The circumstances which conspired to deprive the free landholders of their independent condition can be traced in historical events, in the state of society, and in the effect of legal enactments. The franchises, once possessed by the free multitude of the people, were gradually usurped by the comparatively few families of the feudal aristocracy, while the majority of the once free classes were subjected to a state of villenage or servitude. The condition of dependence, like the circumstances by which it had been adduced, materially varied in degree, and cannot be minutely described here, the subject being too remote from our purpose. The following few words will suffice to show the contrast between hereditary villenage and the hereditary rank of nobility.
Liti, or Villeins.
No villein possessed an unlimited right of acquiring property; he was not allowed to remove from the locality assigned to him by his lord; he was excluded from taking an active part in the administration of the law, and from voting at the national assemblies; he was not permitted to carry arms, and only followed the armed bands of warriors for the purpose of escorting the wounded and burying the dead; at the same time the law refused him the use of the sword, the lance, and the shield. He had to perform compulsory labour in the house and the field of his lord, and to pay a variety of taxes. Moreover, it was his duty to supply provisions for the army and food for the horses; to keep the weapons of the warriors in good condition, forge horses' shoes, &c. The free proprietors kept so completely aloof from the Liti (i. e., villeins) that even in the ancient northern mythology, a special region is assigned, in after life, to the dependent labourers. As a striking mark of inferiority, the servile classes were obliged to wear their hair short-cropped, so as to avoid all equality with the dominant party.

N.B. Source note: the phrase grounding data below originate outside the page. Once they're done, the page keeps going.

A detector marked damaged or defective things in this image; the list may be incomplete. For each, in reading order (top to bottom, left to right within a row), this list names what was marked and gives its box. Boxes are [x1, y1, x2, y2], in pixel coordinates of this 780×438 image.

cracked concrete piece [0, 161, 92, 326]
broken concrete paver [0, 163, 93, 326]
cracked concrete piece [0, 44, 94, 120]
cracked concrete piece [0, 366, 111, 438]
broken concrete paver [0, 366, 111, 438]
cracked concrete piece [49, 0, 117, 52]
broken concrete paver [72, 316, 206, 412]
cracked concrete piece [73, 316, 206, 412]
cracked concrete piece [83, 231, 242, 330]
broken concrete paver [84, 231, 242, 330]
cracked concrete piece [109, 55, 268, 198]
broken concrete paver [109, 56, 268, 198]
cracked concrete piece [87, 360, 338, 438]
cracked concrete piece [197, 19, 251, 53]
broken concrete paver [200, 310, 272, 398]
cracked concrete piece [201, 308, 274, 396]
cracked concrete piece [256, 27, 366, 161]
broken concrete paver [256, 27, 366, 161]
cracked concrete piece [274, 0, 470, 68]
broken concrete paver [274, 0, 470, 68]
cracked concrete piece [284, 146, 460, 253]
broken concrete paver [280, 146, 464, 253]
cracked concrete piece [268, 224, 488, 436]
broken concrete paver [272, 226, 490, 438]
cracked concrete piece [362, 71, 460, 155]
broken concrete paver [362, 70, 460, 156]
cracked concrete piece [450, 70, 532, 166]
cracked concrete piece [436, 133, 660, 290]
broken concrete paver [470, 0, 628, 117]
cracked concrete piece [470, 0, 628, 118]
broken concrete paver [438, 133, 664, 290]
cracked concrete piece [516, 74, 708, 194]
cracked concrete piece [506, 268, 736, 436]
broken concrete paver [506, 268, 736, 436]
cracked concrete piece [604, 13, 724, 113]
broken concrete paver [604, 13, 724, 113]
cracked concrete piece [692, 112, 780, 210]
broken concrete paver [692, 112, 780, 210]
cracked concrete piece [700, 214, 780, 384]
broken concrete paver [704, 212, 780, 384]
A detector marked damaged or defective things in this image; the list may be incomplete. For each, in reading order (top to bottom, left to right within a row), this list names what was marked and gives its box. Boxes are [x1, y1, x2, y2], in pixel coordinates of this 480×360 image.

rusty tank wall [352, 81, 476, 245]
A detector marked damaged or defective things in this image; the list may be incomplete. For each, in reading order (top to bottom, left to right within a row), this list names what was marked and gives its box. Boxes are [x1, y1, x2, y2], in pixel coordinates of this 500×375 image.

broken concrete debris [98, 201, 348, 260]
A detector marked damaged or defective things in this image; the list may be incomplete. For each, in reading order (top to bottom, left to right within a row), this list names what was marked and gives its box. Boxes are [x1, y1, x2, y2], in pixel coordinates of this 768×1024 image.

The feudal nobles, as we have noticed, succeeded the free landholders in the possession of former privileges. The origin of this class of aristocracy has been ascribed to the courtly followers of royalty, the Antrustiones of the Franks. These dignitaries received royal lands in lieu of pay; perhaps, at first, only for life-time, but afterwards as hereditary property. The weakness of the Merovingian dynasty certainly leads to the supposition, that reversionary grants of land could not easily be recovered by the crown, and remained at last in possession of the beneficed tenants by the force of prescription. In 887, Charles the Bald rendered the dignity of the counts inheritable by royal edict; yet the wording of the law sufficiently shows that it merely sanctioned an old-established usage. The perpetuation of territorial grants, while materially diminishing the influence of the crown upon the holder of the property, changed altogether the character of the original donation. Such landed property, first held by high officers of the crown, and afterwards, as the heirloom of certain families, was originally termed a "benefice" (beneficium), and subsequently, a fee or feud (feudum). Even in the days of Charlemagne, such tenures were already very numerous, and distinguished from lands held by freemen. The Capitularies of that monarch abound in passages relative to feudal tenures; the one cited in the note is of especial interest, for the early mention it makes of cavaliers (caballarii), who will come under our notice under the more expressive title of knights.
Romans and Barbarians.
An erroneous opinion was formerly prevalent, that feudal nobility had been bestowed solely upon German functionaries, established in the provinces taken from the Romans. The latter were not disqualified from holding fiefs. It can easily be conceived, that there were many official employments to which the victorious barbarians were not suited, and to which, in consequence, Romans were appointed. Thus Cassiodorus occupied an eminent post during the Ostrogothic dominion in Italy. Also among the Visigoths, in the south of Gaul and in Spain, Romans held places under Government, as we learn from Sidonius Apollinaris. The Frankish laws speak very distinctly of the Romans attached to the court, designating them conviv regis (men admitted to the royal table). Their weregild was fixed at the rate of one third beyond that of an alodialist. Nor were the Romans excluded from military service. In the victory of Clovis over the Visigoths, the son of the Roman author Sidonius Apollinaris fell by the side of the nobles of Auvergne, while fighting at the head of the Gothic army. The Salic law likewise alludes to Romans serving in the army. Through military service they had a chance of rising from their low degree of tributary dependence to the position of their free fellow-combatants. In addition to these circumstances, so favorable to the subjected Romans, their clergy must have exercised a considerable sway over the Franks, the Goths, and the Lombards; and on the conversion of the latter two tribes to the Catholic faith, the religious teachers of Rome, undoubtedly, had good opportunities of raising their own kindred from the degraded position of a vanquished people.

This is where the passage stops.